[What you are asked to do]:
Copy the lines below exactly. No picture goes into the copy.

[The data]:
*-*-*

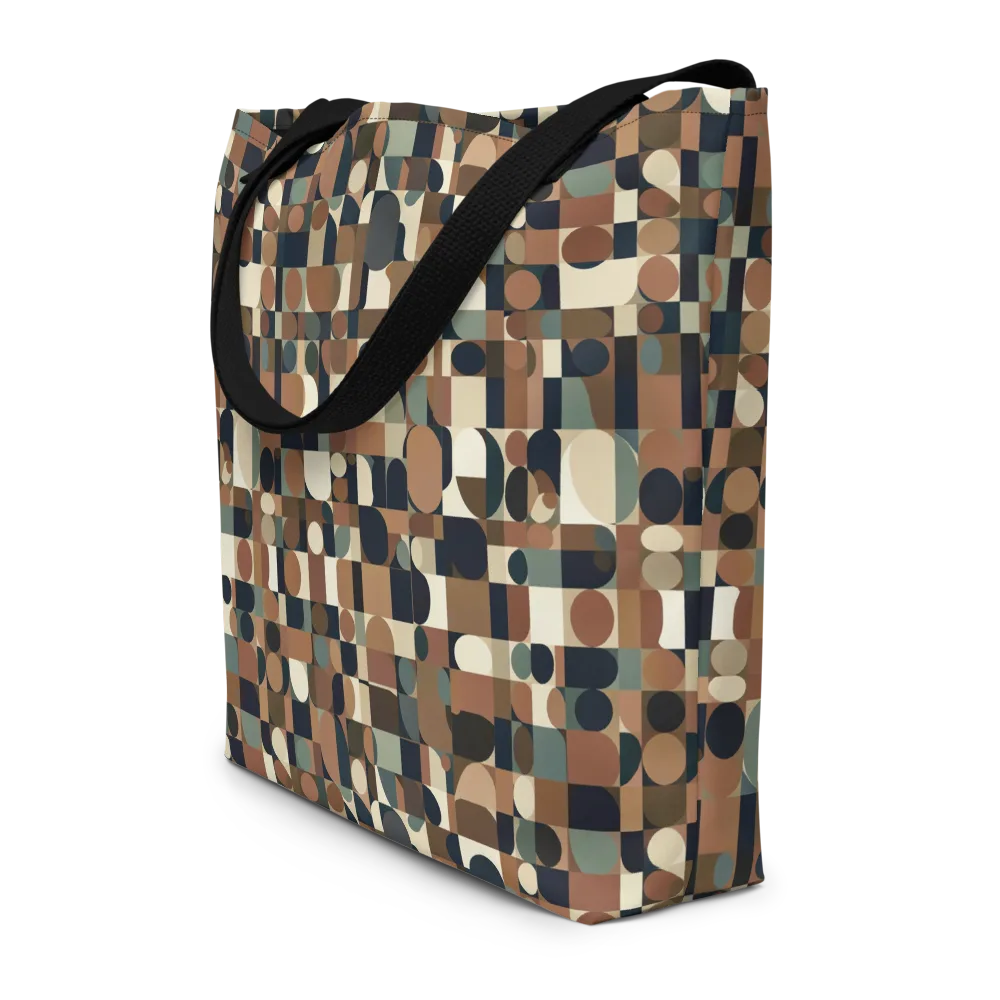 Café Geometry on Large Tote Bag W/ Pocket — Front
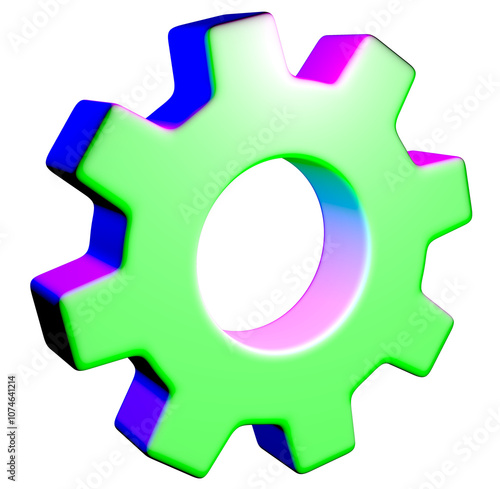 futuristic gear wheels isolated on transparent background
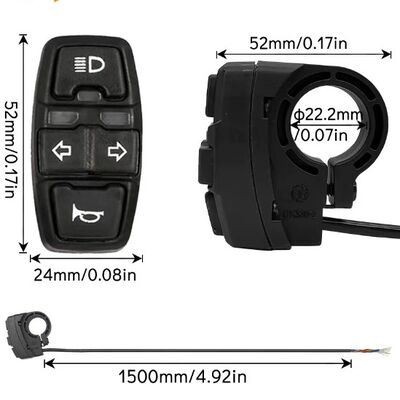 3-in-1 Electric Bike Scooter 36V 48V Horn Headlight Steering Switch DK336 Parts for Electric Bicycles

*-*-*

[Exercise response]:
 Café Geometry on Large Tote Bag W/ Pocket — Front
 futuristic gear wheels isolated on transparent background
 3-in-1 Electric Bike Scooter 36V 48V Horn Headlight Steering Switch DK336 Parts for Electric Bicycles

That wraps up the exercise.